1 Zwiebel und 2 Karotten schälen und fein würfeln. Mit etwas Öl in der Pfanne scharf anbraten. Mit rund 2 EL Wasser ablöschen und 1 Handvoll TK-Erbsen dazugeben. Das Gemüse rund 3 Minuten garen, dann ebenfalls aus der Pfanne nehmen und beiseite stellen.

200 g Tofu in kleine Würfel schneiden und in etwas Maisstärke wenden.
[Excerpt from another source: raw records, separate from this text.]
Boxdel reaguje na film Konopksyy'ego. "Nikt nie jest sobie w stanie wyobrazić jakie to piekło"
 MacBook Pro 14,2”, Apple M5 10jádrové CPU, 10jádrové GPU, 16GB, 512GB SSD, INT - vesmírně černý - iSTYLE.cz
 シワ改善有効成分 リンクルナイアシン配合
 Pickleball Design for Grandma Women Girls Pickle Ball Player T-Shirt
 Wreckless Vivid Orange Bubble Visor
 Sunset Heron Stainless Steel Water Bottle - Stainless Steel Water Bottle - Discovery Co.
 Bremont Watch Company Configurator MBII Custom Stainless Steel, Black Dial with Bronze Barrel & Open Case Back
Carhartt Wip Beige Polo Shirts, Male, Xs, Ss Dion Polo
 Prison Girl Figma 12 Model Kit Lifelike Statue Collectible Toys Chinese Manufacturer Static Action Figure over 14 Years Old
Mit etwas Öl in der Pfanne goldbraun braten. (Den Tofu könnte man natürlich zB durch Hühnerfilet ersetzen, wenn man das Ganze nicht vegan/vegetarisch kochen will.) Währenddessen 1 cm Ingwer, 2 Knoblauchzehen und 1 rote Chilischote fein hacken und am Ende mit dem Tofu mitbraten.

Jetzt kommen alle Zutaten zusammen: „Reis“ und Gemüse dazugeben und noch einmal rund 3 Minuten braten. 100 g Sojasprossen daruntermischen.

Sauce aus 2 EL Sojasauce; 1,5 TL Currypulver; 0,5 TL Sesamöl; 0,5 EL Honig oder Agavensirup; 1 EL Wasser, Salz und Pfeffer zusammenrühren. In die Pfanne schütten und gut durchmischen.

1 Frühlingszwiebel in feine Ringe schneiden. Den „Reis“ anrichten und mit den Zwiebeln garnieren.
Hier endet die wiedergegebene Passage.